What is expected: Look below for the line that contains "Фотография Батарея TOYOTA PRIUS 2008г.", then copy it and each following line exactly, through and including the line that contains "SRKXA Intel Xeon".

[Collected data]
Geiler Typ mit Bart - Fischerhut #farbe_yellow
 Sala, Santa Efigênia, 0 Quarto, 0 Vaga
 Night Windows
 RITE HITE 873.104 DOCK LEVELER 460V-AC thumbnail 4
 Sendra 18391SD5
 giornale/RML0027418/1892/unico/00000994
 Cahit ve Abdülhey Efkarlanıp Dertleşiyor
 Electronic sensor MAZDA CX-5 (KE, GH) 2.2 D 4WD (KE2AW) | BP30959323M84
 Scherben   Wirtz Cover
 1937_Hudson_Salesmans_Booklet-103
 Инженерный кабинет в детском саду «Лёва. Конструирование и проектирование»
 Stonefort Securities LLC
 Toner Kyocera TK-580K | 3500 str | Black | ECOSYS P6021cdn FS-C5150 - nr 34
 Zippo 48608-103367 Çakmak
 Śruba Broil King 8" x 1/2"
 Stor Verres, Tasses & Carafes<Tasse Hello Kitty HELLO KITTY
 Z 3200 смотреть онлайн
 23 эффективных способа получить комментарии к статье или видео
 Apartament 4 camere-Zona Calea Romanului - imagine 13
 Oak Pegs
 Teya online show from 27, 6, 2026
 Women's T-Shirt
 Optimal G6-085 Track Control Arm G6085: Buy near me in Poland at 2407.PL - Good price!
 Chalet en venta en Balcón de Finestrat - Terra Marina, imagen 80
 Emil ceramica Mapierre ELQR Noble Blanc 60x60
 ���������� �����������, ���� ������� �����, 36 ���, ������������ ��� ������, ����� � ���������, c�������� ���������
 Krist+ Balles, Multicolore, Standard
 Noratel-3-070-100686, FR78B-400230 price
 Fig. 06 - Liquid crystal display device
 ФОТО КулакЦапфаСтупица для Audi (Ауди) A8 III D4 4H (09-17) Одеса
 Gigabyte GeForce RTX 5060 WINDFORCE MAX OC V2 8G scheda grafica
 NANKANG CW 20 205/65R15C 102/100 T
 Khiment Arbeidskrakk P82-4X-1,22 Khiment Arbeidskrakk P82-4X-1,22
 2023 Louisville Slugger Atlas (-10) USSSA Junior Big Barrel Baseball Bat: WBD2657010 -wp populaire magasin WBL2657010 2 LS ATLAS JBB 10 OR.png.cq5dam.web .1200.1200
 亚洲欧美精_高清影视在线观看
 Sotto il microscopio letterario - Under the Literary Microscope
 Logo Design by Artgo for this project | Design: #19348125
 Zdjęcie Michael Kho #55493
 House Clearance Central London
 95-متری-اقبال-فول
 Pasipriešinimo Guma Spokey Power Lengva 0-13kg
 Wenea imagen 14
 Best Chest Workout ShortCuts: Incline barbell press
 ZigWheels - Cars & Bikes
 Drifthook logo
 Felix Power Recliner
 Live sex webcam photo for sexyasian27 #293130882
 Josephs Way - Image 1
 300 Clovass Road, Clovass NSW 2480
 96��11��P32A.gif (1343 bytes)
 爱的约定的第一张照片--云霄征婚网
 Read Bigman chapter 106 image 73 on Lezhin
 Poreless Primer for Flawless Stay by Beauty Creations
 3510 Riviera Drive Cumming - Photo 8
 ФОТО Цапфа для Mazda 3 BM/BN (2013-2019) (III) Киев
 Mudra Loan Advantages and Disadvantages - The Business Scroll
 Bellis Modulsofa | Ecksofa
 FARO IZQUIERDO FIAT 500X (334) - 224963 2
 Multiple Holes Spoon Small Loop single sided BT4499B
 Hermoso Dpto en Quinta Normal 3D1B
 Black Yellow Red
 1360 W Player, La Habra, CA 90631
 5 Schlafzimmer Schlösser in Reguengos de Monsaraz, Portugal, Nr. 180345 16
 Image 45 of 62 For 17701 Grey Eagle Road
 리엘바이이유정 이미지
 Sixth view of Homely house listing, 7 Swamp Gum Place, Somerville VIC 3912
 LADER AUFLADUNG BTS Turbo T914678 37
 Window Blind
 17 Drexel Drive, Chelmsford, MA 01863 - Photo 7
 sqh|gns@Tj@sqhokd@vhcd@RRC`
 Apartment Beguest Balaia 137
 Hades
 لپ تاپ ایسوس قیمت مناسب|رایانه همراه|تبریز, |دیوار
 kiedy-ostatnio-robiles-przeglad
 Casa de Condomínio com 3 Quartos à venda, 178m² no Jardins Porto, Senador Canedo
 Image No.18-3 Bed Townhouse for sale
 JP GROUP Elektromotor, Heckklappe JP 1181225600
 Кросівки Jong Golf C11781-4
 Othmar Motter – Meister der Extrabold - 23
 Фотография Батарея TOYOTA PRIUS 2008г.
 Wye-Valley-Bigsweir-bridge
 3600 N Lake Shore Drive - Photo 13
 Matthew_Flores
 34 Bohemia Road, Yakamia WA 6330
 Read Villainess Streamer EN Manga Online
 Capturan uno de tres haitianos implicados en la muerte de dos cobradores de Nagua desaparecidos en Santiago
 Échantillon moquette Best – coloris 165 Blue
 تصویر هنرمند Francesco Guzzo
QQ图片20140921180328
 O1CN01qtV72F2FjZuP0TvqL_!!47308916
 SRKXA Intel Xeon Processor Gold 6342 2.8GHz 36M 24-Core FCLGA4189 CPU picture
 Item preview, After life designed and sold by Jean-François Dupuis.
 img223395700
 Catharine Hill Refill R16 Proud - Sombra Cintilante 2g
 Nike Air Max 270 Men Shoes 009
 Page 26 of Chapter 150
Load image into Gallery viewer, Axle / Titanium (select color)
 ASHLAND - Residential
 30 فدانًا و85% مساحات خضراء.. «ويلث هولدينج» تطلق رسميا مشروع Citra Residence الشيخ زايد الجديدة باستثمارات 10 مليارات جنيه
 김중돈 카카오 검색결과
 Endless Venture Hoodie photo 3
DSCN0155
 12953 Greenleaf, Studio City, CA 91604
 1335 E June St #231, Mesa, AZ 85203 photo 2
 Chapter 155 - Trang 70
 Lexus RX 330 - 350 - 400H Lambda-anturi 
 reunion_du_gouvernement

Solution to this problem:
 Фотография Батарея TOYOTA PRIUS 2008г.
 Wye-Valley-Bigsweir-bridge
 3600 N Lake Shore Drive - Photo 13
 Matthew_Flores
 34 Bohemia Road, Yakamia WA 6330
 Read Villainess Streamer EN Manga Online
 Capturan uno de tres haitianos implicados en la muerte de dos cobradores de Nagua desaparecidos en Santiago
 Échantillon moquette Best – coloris 165 Blue
 تصویر هنرمند Francesco Guzzo
QQ图片20140921180328
 O1CN01qtV72F2FjZuP0TvqL_!!47308916
 SRKXA Intel Xeon Processor Gold 6342 2.8GHz 36M 24-Core FCLGA4189 CPU picture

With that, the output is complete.